Levanté las manos hacia el cielo y meneé la cabeza. Yo era un extraño en otro país, donde el folclore común era un misterio.

– ¿Me está diciendo que ese tal Ratón mató a mi amigo Perry y que la policía no lo ha metido entre rejas? -Había amenaza en mi voz.

– Baje la voz, míster -dijo Blix-. Con Ray no se juega; eso es lo que se dice por ahí. Quizás allá en Arkansas o Tennessee o de donde venga usted no sepan esto, pero aquí ese tipo es el de la guadaña, en persona.

– ¿Y sabe dónde puedo encontrar a ese hombre, ese Raymond Alexander? -pregunté.

– Pero ¿no ha oído lo que le digo, hermano? -preguntó Blix-. Es un asesino. Le aplastará como a un gusano.

– Una mierda -dije yo, procurando que mi tono sonase como el de muchos idiotas a los que había oído-. Si el tío ese tiene una pipa, yo también tengo una.

– Vamos, BB -dijo Timor a su amigo-. Juguemos a las damas y dejemos que se vaya este loco. Ya se lo hemos dicho. Es lo único que podemos hacer.

Timor volvió a clavar la vista en el tablero. Blix siguió mirándome.

– No sabemos dónde está, tío -me dijo el más amistoso.

– ¿Y cómo podría encontrarle? -insistí.

– Pues tírate desde el tejado del Ayuntamiento, hermano -dijo Timor, sin levantar la vista-. Estarás igual de muerto, pero muchísimo más rápido.

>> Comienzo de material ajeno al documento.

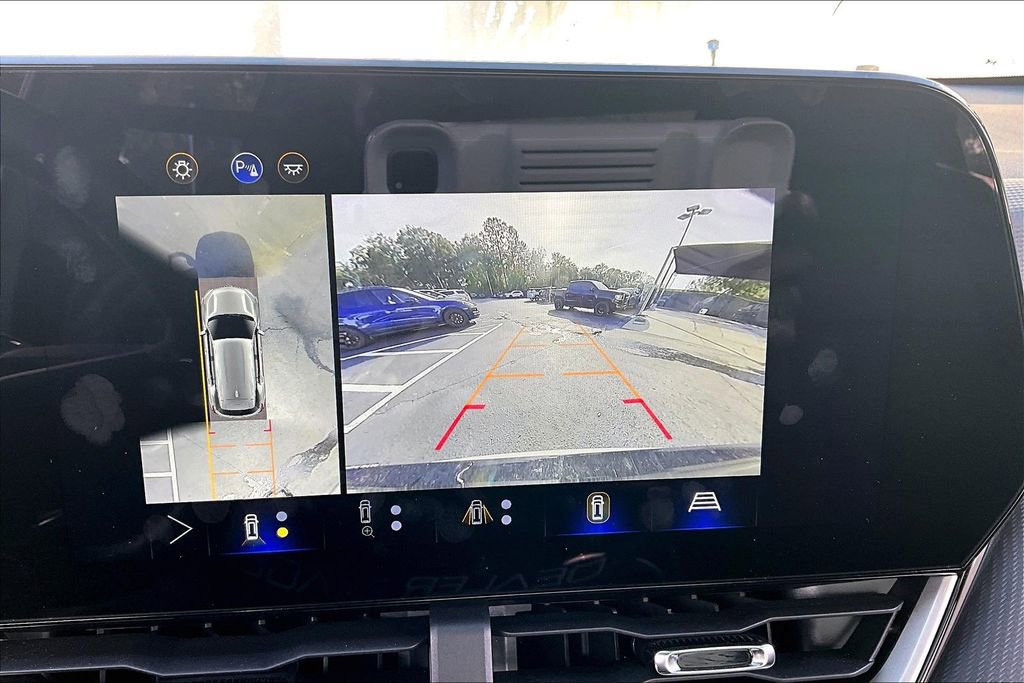 Used 2025 Chevrolet Equinox LT w/ Safety and Technology Package image 13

Estaba visto que ya no sacaría nada más de allí. Me levanté, fingiendo que me sentía furioso, dispuesto a buscar al hombre que había matado a mi amigo. Y entonces me detuve.

– Dime una cosa, tío -le dije a Timor.

– ¿Qué? -seguía sin mirarme.

– Si ese hijoputa es tan peligroso, ¿cómo sabes que estás a salvo?

Eso atrajo su atención.

– ¿De qué coño hablas, negro?

– De ti.

– ¿De mí? Tú a mí no me conoces.

– Sólo sé que estás ahí sentado con tu pata rota y acusas de un crimen a Raymond Alexander el Ratón. Sé que has dicho que él mató a Pericles Tarr y le enterró en San Diego.

– ¡Lo ha dicho Blix! -chilló Timor-. ¡A mí no me eches las culpas!

Se puso de pie y echó a andar cojeando con el pie roto. Blix lo llamó, pero Timor se alejó corriendo tan rápido como pudo con aquella cojera.

Blix se quedó sentado ante el tablero, riéndose para sí.

– Ésa ha sido buena, tío -me dijo-. Me has dado con qué pincharle los próximos cinco años.